Dillon Beach Camp - Fully loaded test ride.
I must admit when I loaded up the bike, I had very little confidence on how it would hold up, or even myself in the ability to carry all of it during dirt trails or bumpy downhill roads. Decided to leave it to my luck in whatever happens.
The weather hasn’t been great the last week in the Bay, still on the 60s and windy, pretty much the same as it was during the winter season.The route was clear to ride with a GPS App, which I was surprised for its accuracy on details even through trails, I would recommend this even if you are hiking and it’s free.
It was a “great” 136km distance, with about 10h on route direction and about 6h - 7h of moving time, with some hike-a-bike sections, a bit too long for a solo ride. Beautiful landscape, lots of hikers, other MTB riders, bike packers, one flat tire and a small rear derailleur issue that was fixed with no major consequences. The overall test was very positive, even thought my wife wasn’t very happy for all the waiting she had to do at the camp site.
Pros & Cons:
I used Stan’s NoTubes Ironcross wheels, which are meant to use low pressure tires and for lightweight riders, but after loading the bike, the pair of wheels seem to get the job done even through pretty rough terrain.
Alpkit Fuel Tank Bag, big, but after a little while, it tends to tilt to one side when you have it filled up.
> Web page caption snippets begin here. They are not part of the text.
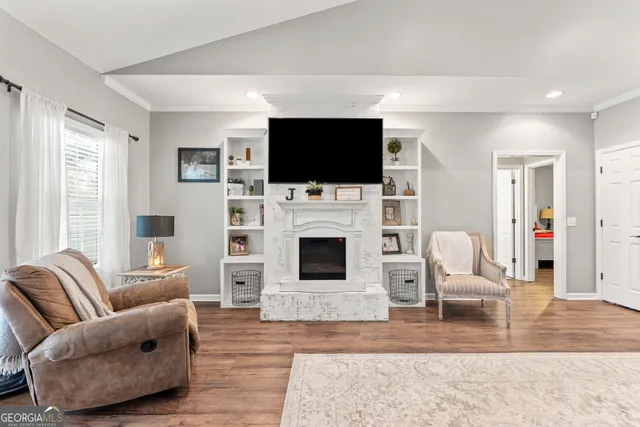 a living room with lots of furniture and chandelier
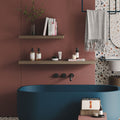 Aksel Walnut Floating Shelf mounted on a wall organizing bathroom essentials in a minimalist, stylish setup.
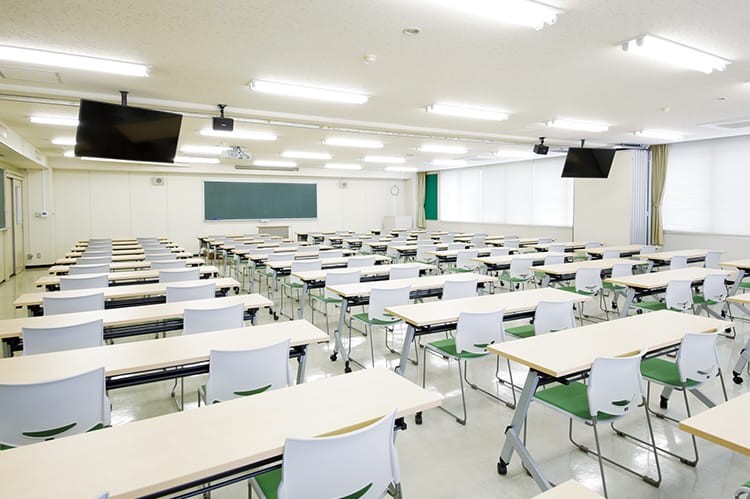 写真：座学教室。明るい雰囲気の教室に2人掛けの机がたくさん並んでいる。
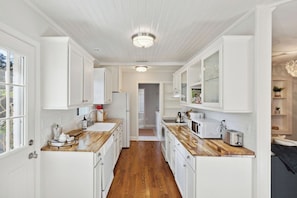 A kitchen with white cabinetry, wooden countertops, and a central island. - Quaint Cottage-Great Location with Hot Tub! (Mount Pleasant)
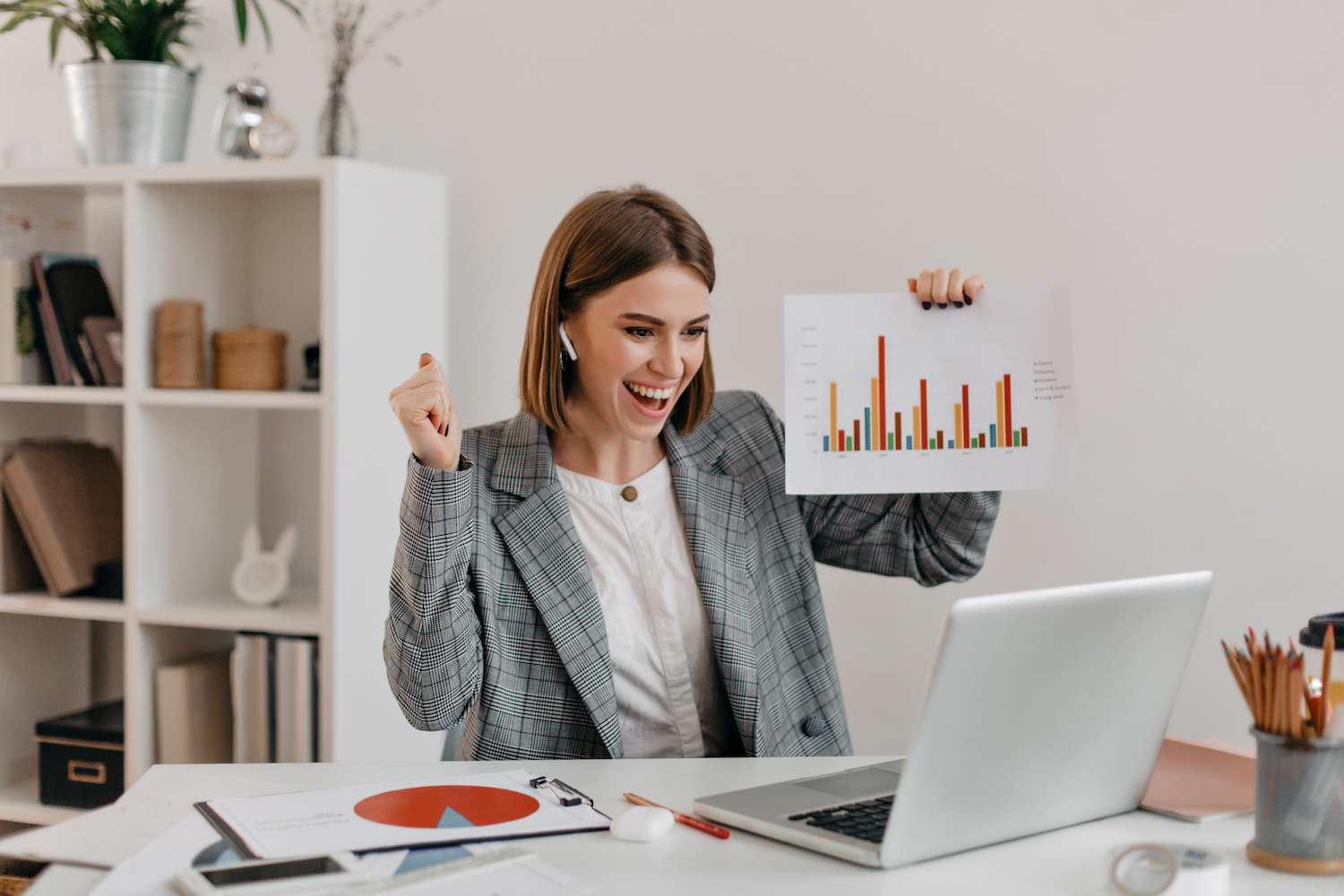 Close-up shot of happy business woman in stylish outfit. Girl in high spirits demonstrates chart via Skype. Measure Your Campaign's Success Elle Marketing and Events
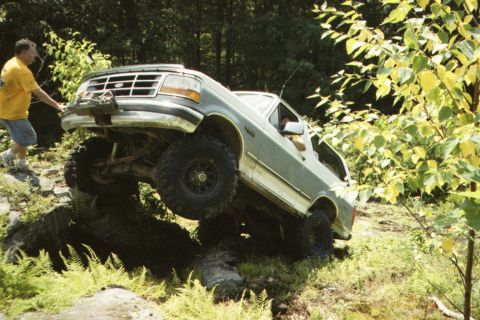 1995 Ford Bronco - A man in a yellow shirt pushes a gray Ford Bronco as it climbs over rocks.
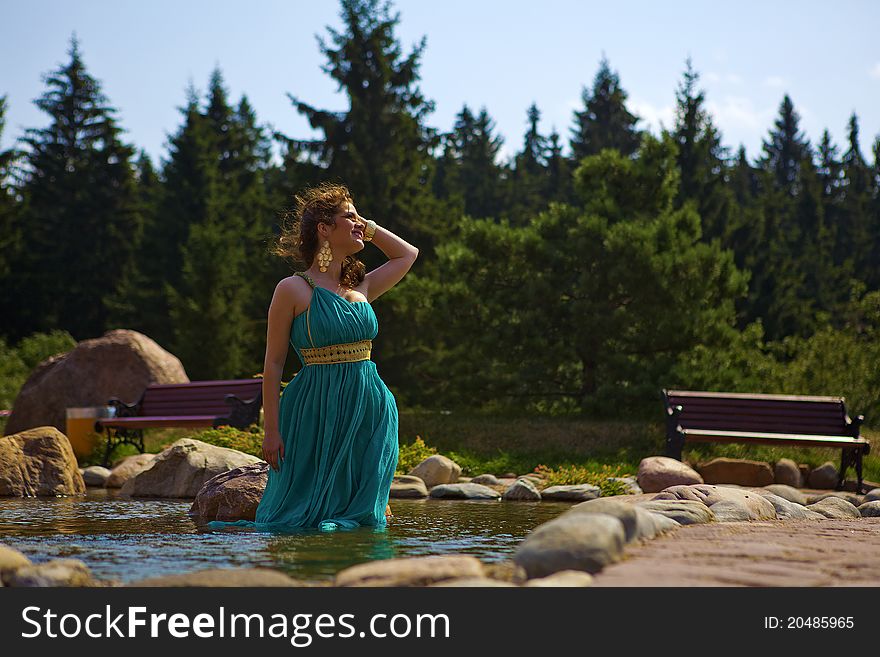 Beautiful brunette walking in the park next to a small waterfall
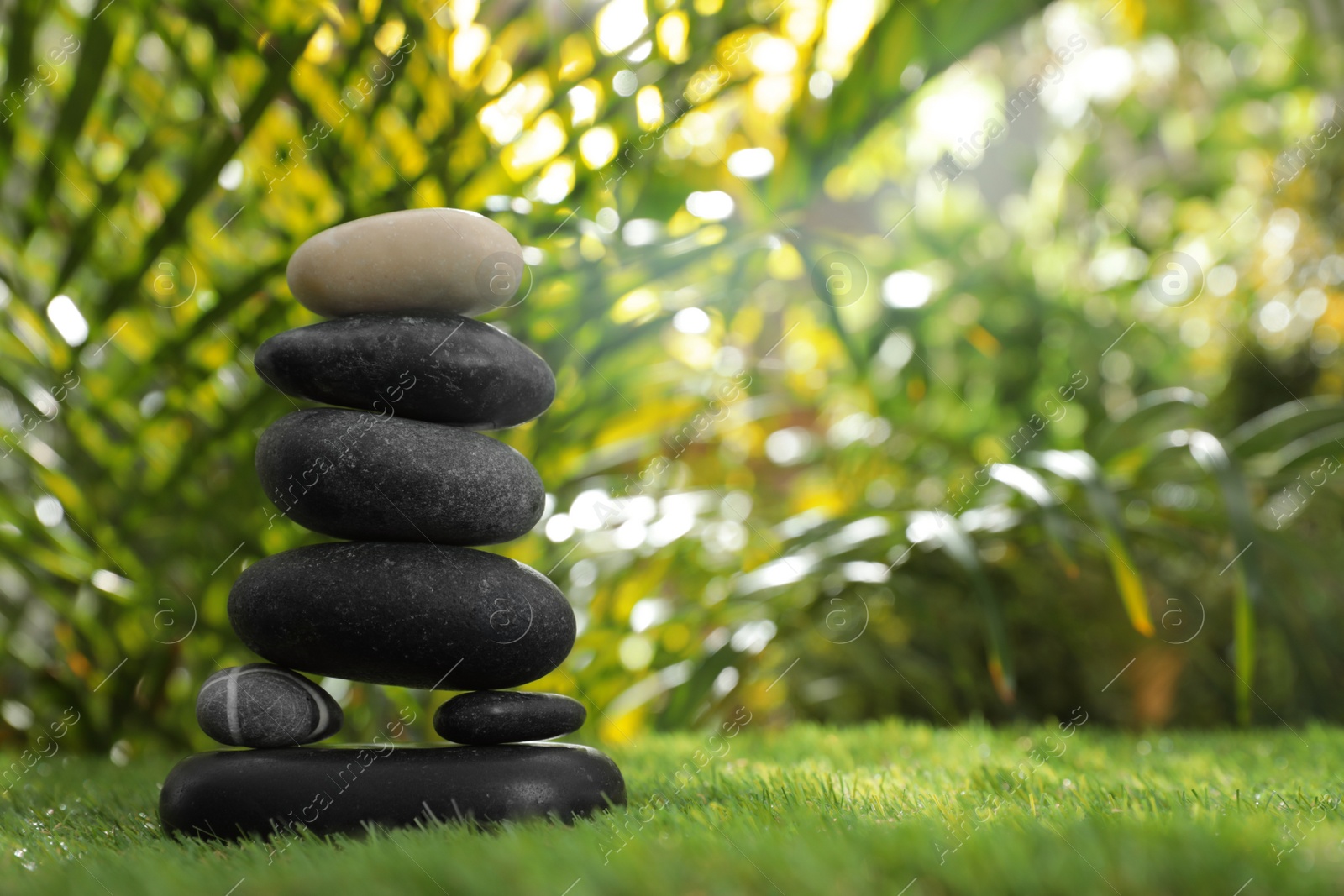 Photo of Stack of stones on green grass against blurred background, space for text. Zen concept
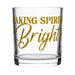 A clear glass rocks tumbler with gold foil lettering that reads 'Making Spirits Bright' on a solid white background.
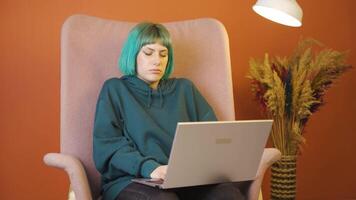 Tired young woman at laptop. video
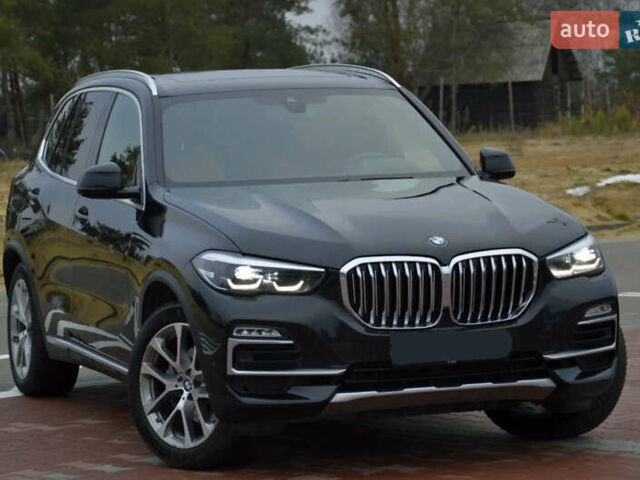 Чорний БМВ Х5, об'ємом двигуна 3 л та пробігом 63 тис. км за 18400 $, фото 2 на Automoto.ua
I would have to figure out a way to make it more stable or straight up.
Porcelain Rocket, Mr Fusion, to my opinion, a big A+, never felt that rear bag was there, never wiggled, very easy to install.
Soto Windmaster Stove, very light, wind proof, with a micro gas regulator and built-in igniter is a really good choice.
What to improve:
- Definitely, choose wisely the repair tools.
- Consider using tire sealing liquids.
- Take loads of food and water.
- Easy access to clean clothes after the ride is over.